Eine Führungsschicht tritt ab, die die Bundesrepublik maßgeblich geprägt hat. Der Wechsel beginnt mit der Wahl Gustav Heinemanns zum Präsidenten.
Nach der Wahl zum sechsten Deutschen Bundestag ist in der Bundesrepublik Deutschland erstmals die Bildung einer SPD/FDP-Regierung möglich.
Auch wenn bei der Wahl die CDU/CSU stärkste Fraktion bleibt, erzielt die SPD als einzige Partei Stimmengewinne. Unmittelbar nach der Wahl nehmen SPD und FDP erste Koalitionsverhandlungen auf. Am 3. Oktober wird Bundespräsident Gustav Heinemann von Willy Brandt und Walter Scheel über deren Absicht "zusammen regieren zu wollen" unterrichtet. Am 21. Oktober wird Willy Brandt zum Bundeskanzler gewählt, Walter Scheel wird Vizekanzler.

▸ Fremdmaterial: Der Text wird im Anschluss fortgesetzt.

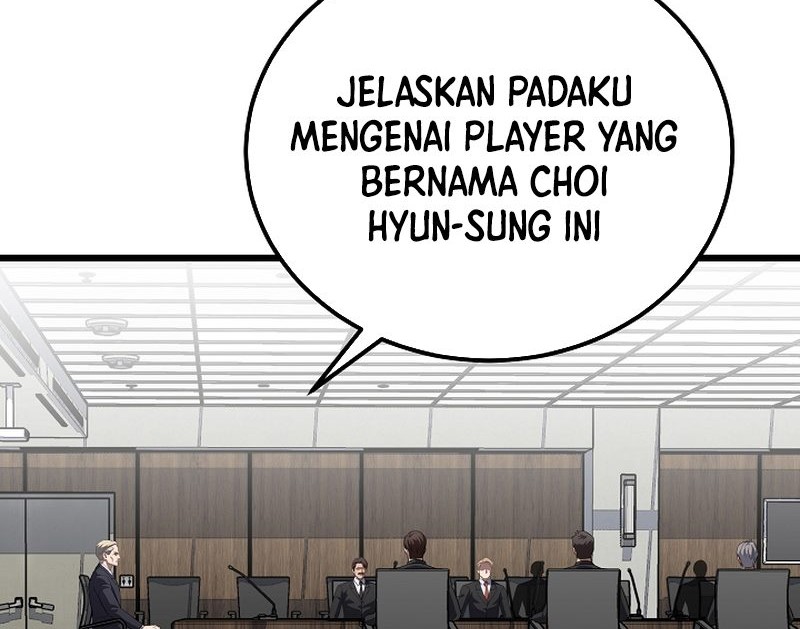Chapter 98 - halaman 50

In seiner Regierungserklärung am 28. Oktober vor dem Bundestag kündigt Bundeskanzler Willy Brandt das umfangreichste Reformprogramm der deutschen Nachkriegsgeschichte an. Das Programm ist geprägt von der Leitidee "Mehr Demokratie wagen". So zeigt er unter anderem unter dem Motto "Zwei Staaten - Eine Nation" die Bereitschaft zu gleichberechtigten Verhandlungen mit der DDR.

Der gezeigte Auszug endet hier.